EXERCISE REQUIREMENTS: Give back, exactly as written, the lines of the listing from the top through the line holding "hair, dress, creature, mask", and nothing more. Exclude pictures.

RECORD EXCERPTS:
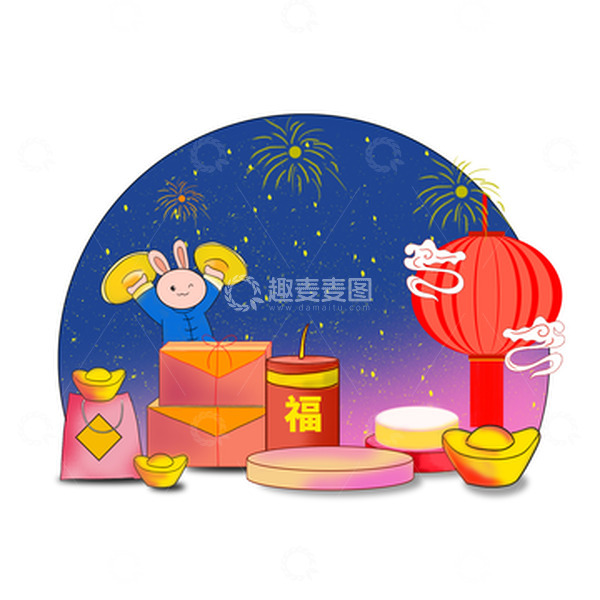 源文件下载【趣麦麦图】兔子新年促销海报插画素材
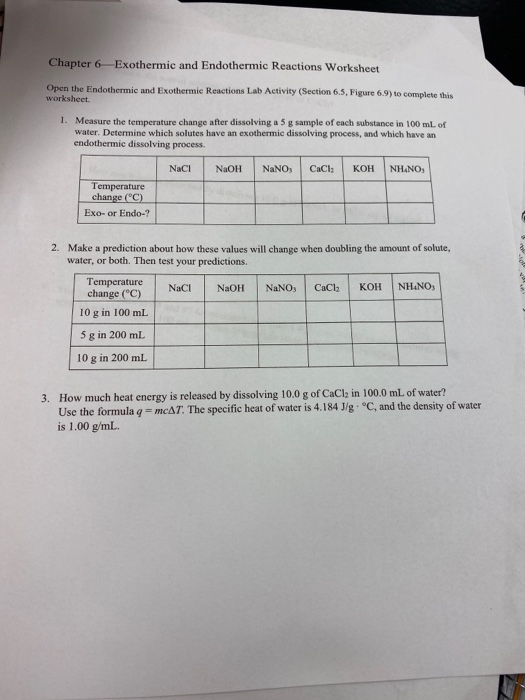 endothermic and exothermic reactions worksheet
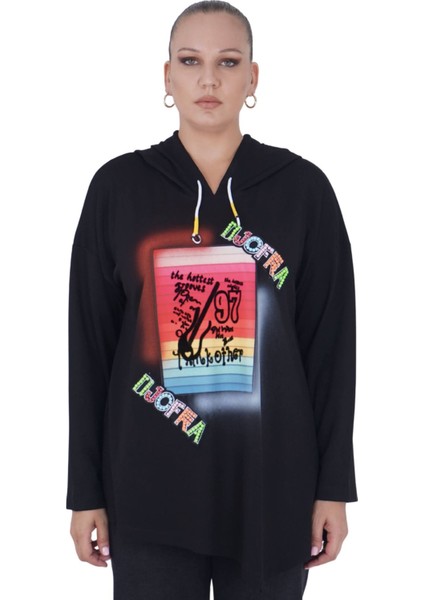 Kadın Büyük Beden Siyah Kapüşonlu Sloganlı Sweatshirt indirimleri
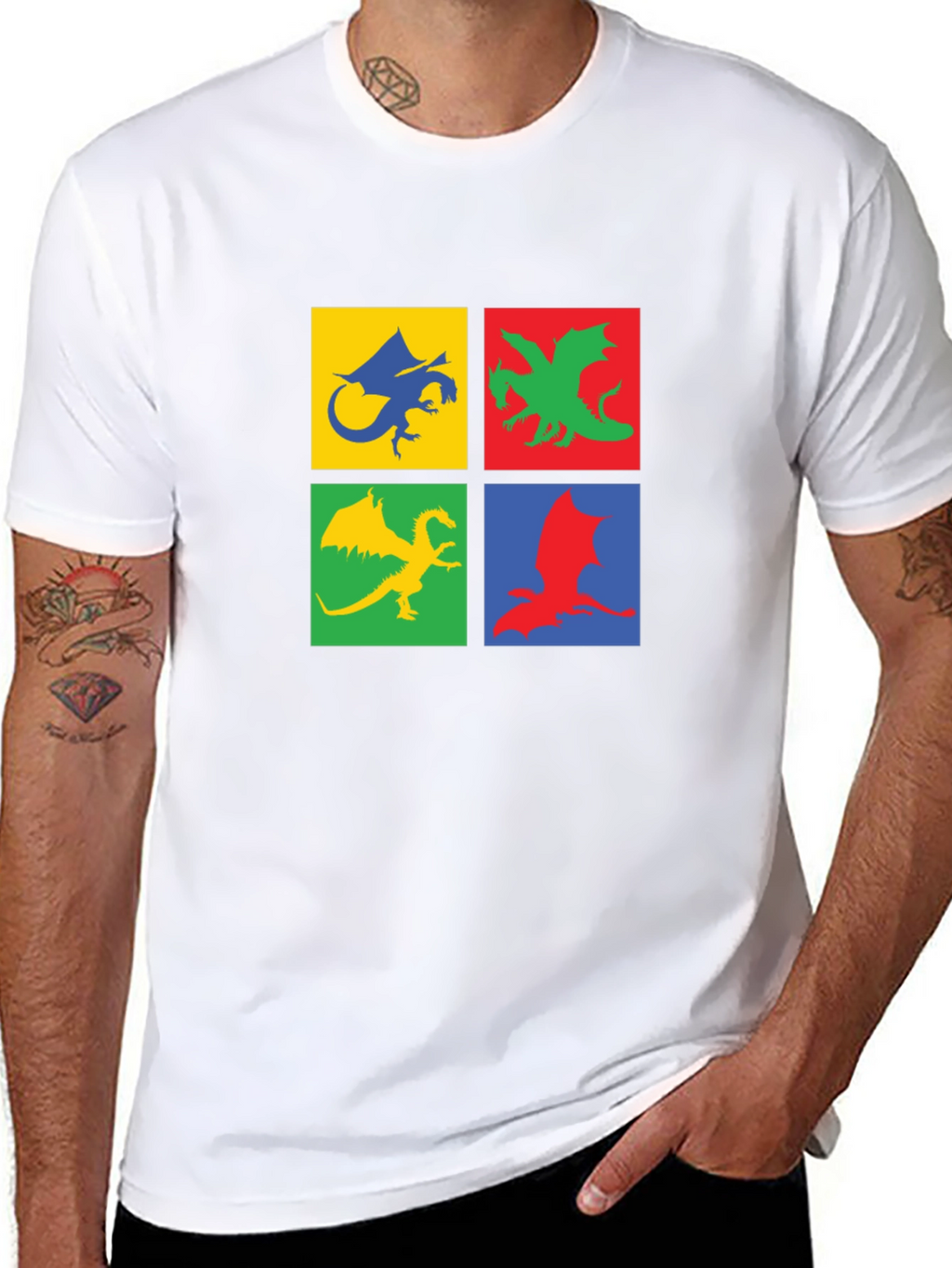 Dragon Squares Graphic Black T-Shirt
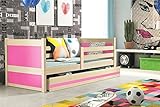 Einzelbett Rico für Kinder 190 x 80 KIEFER/Pink + Matratzen gratis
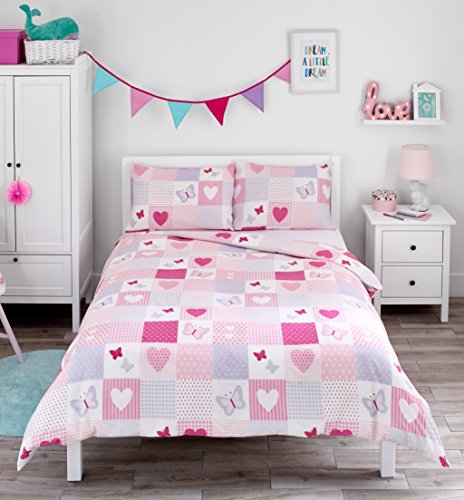 Bloomsbury Mill - Bettwäsche 200 x 200 cm Herzen & Schmetterlingen für Kinder – Doppelbett Bettwäscheset für Mädchen – Rosa & Lila Wendebettwäsche und 2 Kissenbezug Set von Bloomsbury Mill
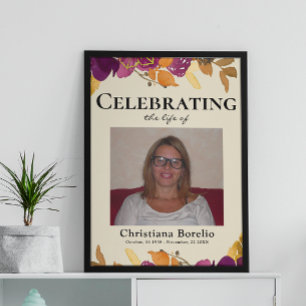 Celebrating the life Photo Floral Woman Funeral Poster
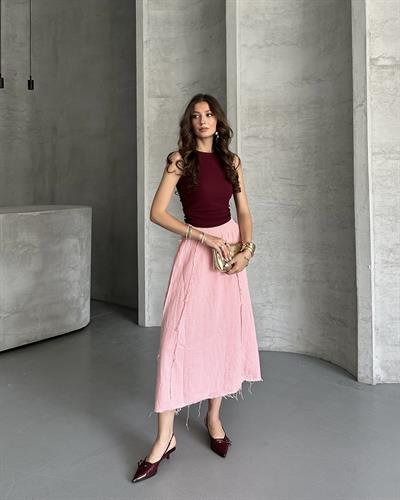 TERS DİKİŞ DETAYLI UZUN ETEK - PEMBE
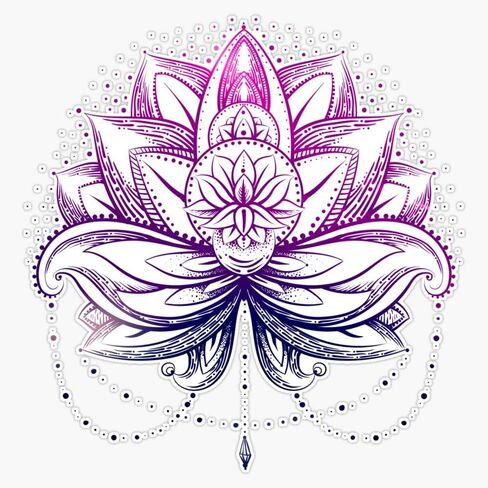 Elegant Gentle Purple Watercolor Lotus/Lily Flower Sticker Vinyl Bumper Sticker Decal 5" in Saudi Arabia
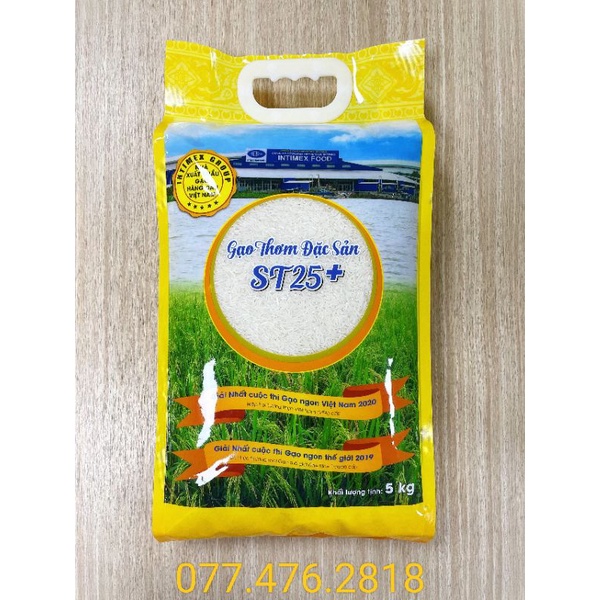 Gạo ST25, 5kg Gạo Thơm Đặc Sản ST25+ INTIMEX, thơm, ngon, ngọt cơm. Cam kết Hàng chính hãng ST25 +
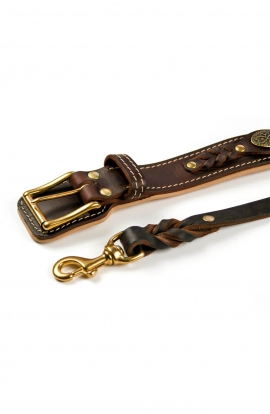 Nappa Padded Braided Dog Collar & Leash Set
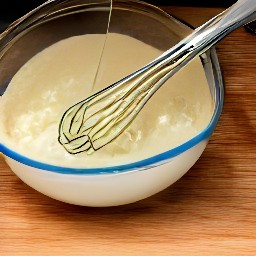 the output is a bowl of batter made from eggs, all-purpose flour, salt, granulated sugar, and whole milk.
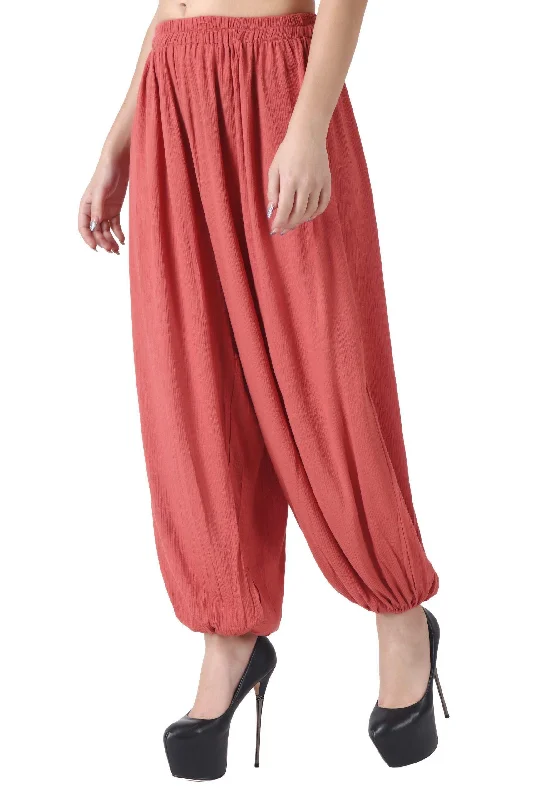 women's pajamas for those who appreciate soft, breathable fabricsPeach Solid Harem Pants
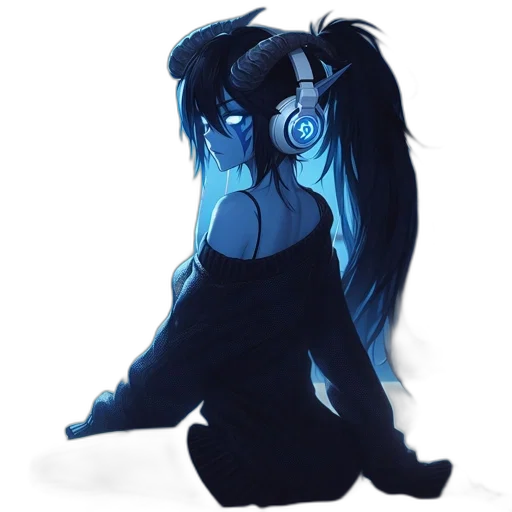 hair, dress, creature, mask transparent PNG cut-out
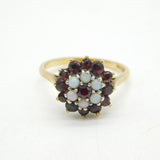 9ct Yellow Gold, Garnet & Opal Set Floral Cluster Ring Vintage c1970s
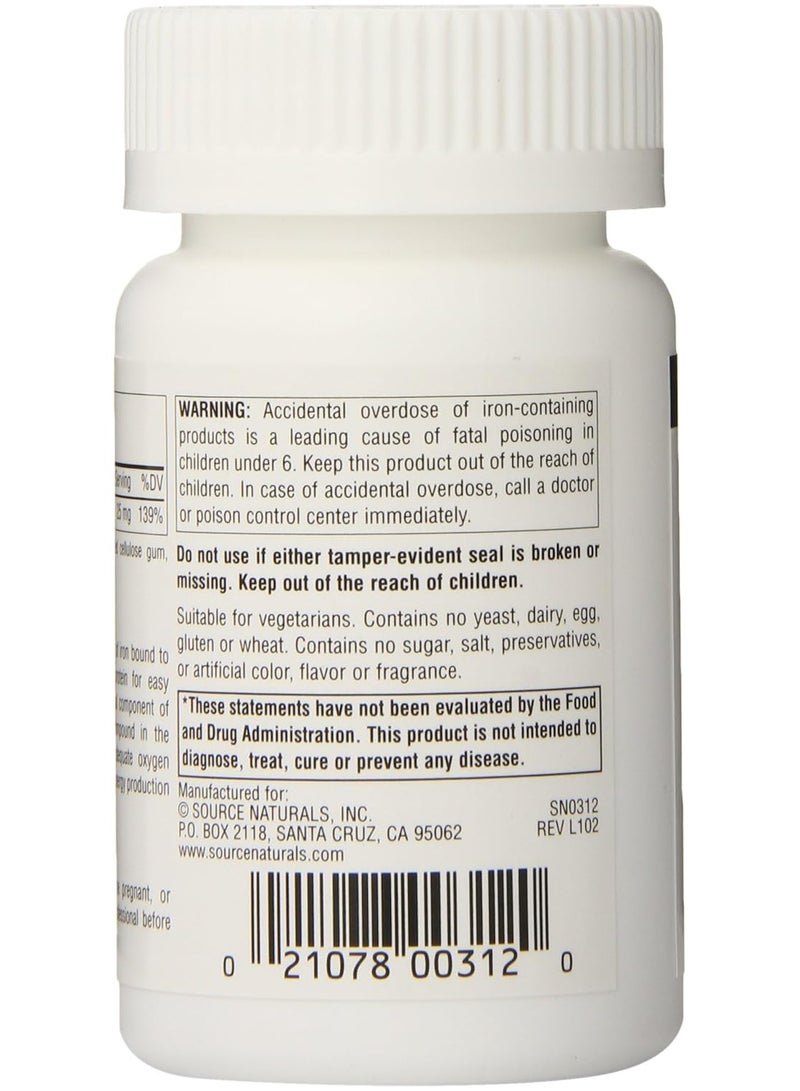 Source Naturals Iron Chelate 25 Mg 100 Tablets Supports Energy Production  - Image 3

ANSWER:
 源文件下载【趣麦麦图】兔子新年促销海报插画素材
 endothermic and exothermic reactions worksheet
 Kadın Büyük Beden Siyah Kapüşonlu Sloganlı Sweatshirt indirimleri
 Dragon Squares Graphic Black T-Shirt
 Einzelbett Rico für Kinder 190 x 80 KIEFER/Pink + Matratzen gratis
 Bloomsbury Mill - Bettwäsche 200 x 200 cm Herzen & Schmetterlingen für Kinder – Doppelbett Bettwäscheset für Mädchen – Rosa & Lila Wendebettwäsche und 2 Kissenbezug Set von Bloomsbury Mill
 Celebrating the life Photo Floral Woman Funeral Poster
 TERS DİKİŞ DETAYLI UZUN ETEK - PEMBE
 Elegant Gentle Purple Watercolor Lotus/Lily Flower Sticker Vinyl Bumper Sticker Decal 5" in Saudi Arabia
 Gạo ST25, 5kg Gạo Thơm Đặc Sản ST25+ INTIMEX, thơm, ngon, ngọt cơm. Cam kết Hàng chính hãng ST25 +
 Nappa Padded Braided Dog Collar & Leash Set
 the output is a bowl of batter made from eggs, all-purpose flour, salt, granulated sugar, and whole milk.
 women's pajamas for those who appreciate soft, breathable fabricsPeach Solid Harem Pants
 hair, dress, creature, mask transparent PNG cut-out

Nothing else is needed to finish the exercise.